**Task statement**.
The line with "an empty room with wooden floor and a window" through the last line of the entries: give these again exactly, and only these, without any pictures.

Excerpts from a dataset:
-------------------------
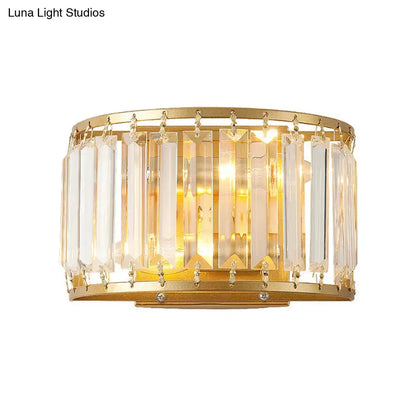 Modern brass drum shaped wall sconce with gold finish vertical crystal prisms and dangling clear crystals for e12 e14 bulb
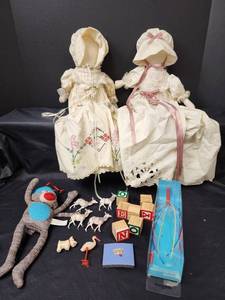 lot 730 image: Pillowcase Dolls, Sock Monkey, Wooden Blocks, and More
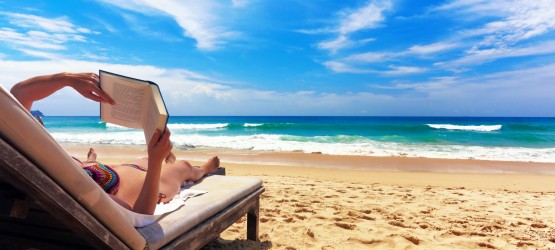 Woman relaxing and reading a book by the sea Woman relaxing and reading a book by the sea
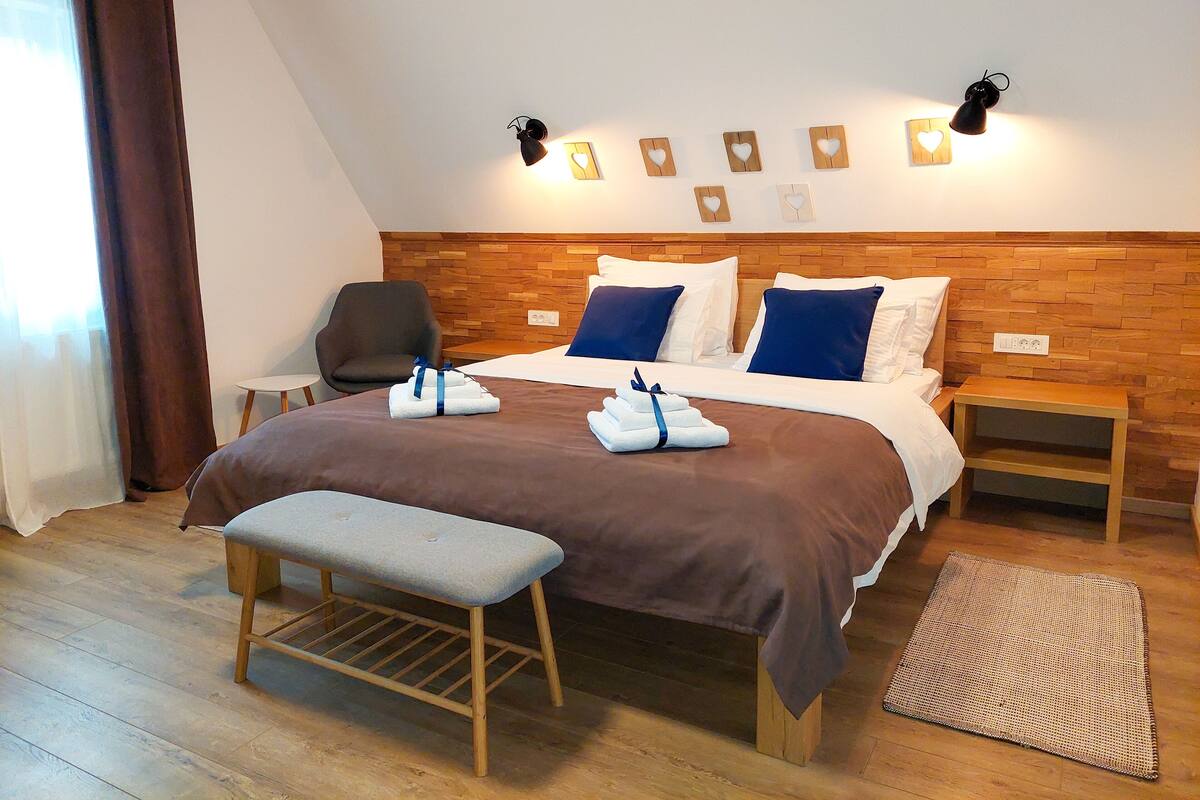 A hotel room with a wooden headboard, a bed with blue and white bedding, a bench, and a small bedside table.
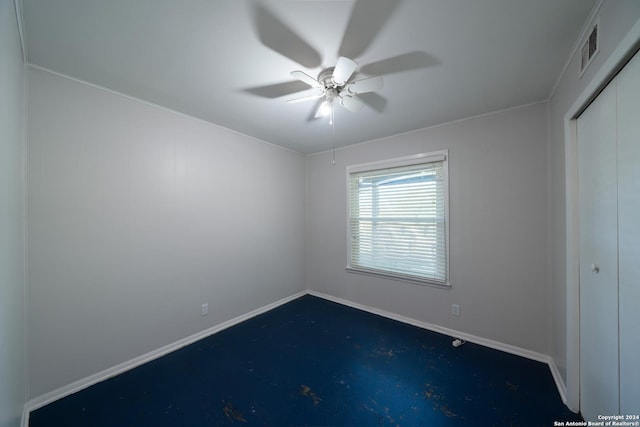 unfurnished room with ceiling fan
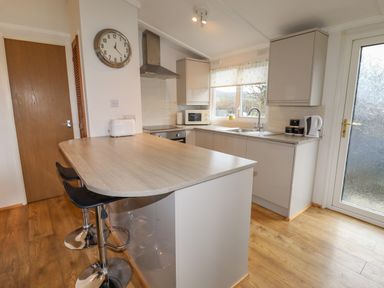 A kitchen with wooden countertop and two bar stools at Wayside Lodge in Aston On Clun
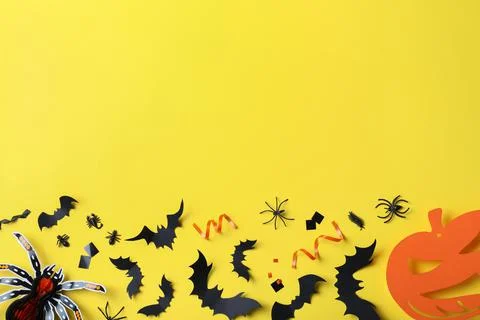 Halloween decor elements on yellow background, flat lay. Space for text Stock Photos
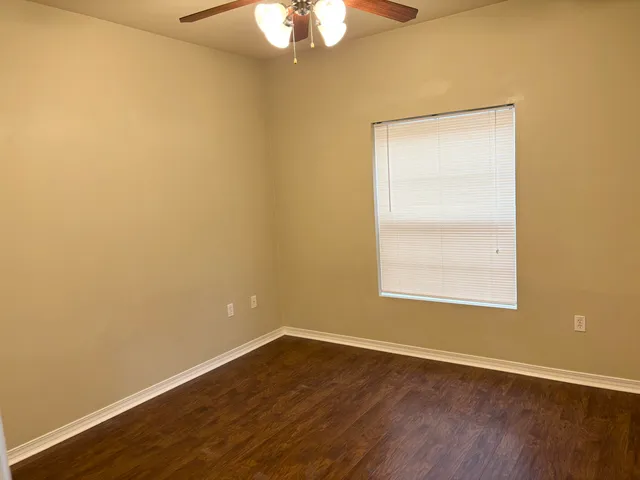 an empty room with wooden floor and a window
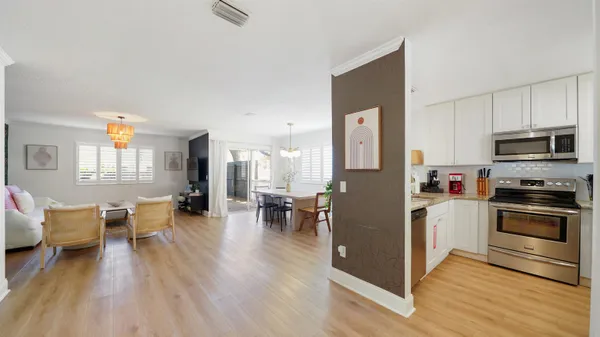 a kitchen with a table and chairs in it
-------------------------
**Written response**.
 an empty room with wooden floor and a window
 a kitchen with a table and chairs in it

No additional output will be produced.